OREANDA-NEWS. October 20, 2009. Magnit approved raising loans from Sberbank, VTB and BSGV in the total amount of RUB14bn. Sberbank will lend RUB10.5bn for 3 years, VTB - RUB2.5bn for 2 years and BSGV - RUB1bn for 6 months, at borrowing rates not to exceed 20-35%. The actual interest rates might be as low as 14-16%, reported the press-centre of OTKRITIE FC.
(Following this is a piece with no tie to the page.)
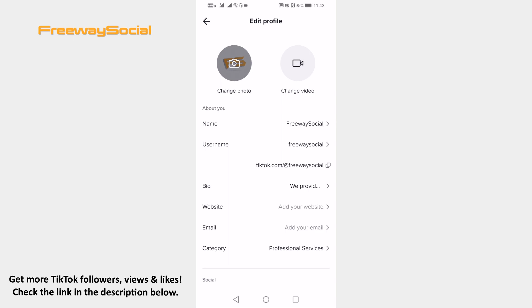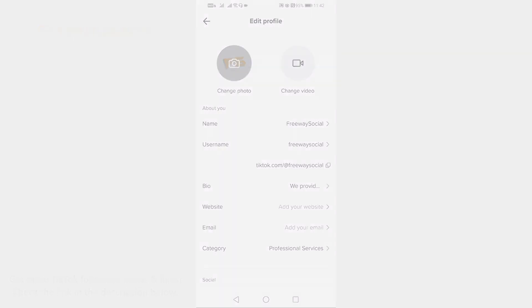That's how it's done! I hope this guide was helpful and you are able to add pronouns to your TikTok profile. Don't forget to like this video and visit us at FreewaySocial.com.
View: We view this news positive, and point out that this financing suggests that Magnit might not hold an SPO. Given its low leverage, Magnit may be able to afford raising sufficient finances without significantly increasing its debt/EBITDA ratio, which on our estimates could amount to 1.9x in 2009 and 1.5x in 2010. Due to the additional RUB14bn debt, interest expenses could increase almost two-fold and impact net margins, which could then dip to 3.4% in 2009 and 4.2% in 2010 (vs our previous estimates 4.6% and 5.0%, respectively). The higher debt might reduce ROIC by an average 2pts to 16-17% in 2009-10E. Nonetheless, the company will use the loans to finance current expansion within the discount and hypermarket formats and to restructure its existing debt portfolio.

Valuation & action: MGNT GDRs trade at a 2009E EV/EBITDA of 12.5x, which is at par with EM peers. We reiterate our HOLD rating for the stock.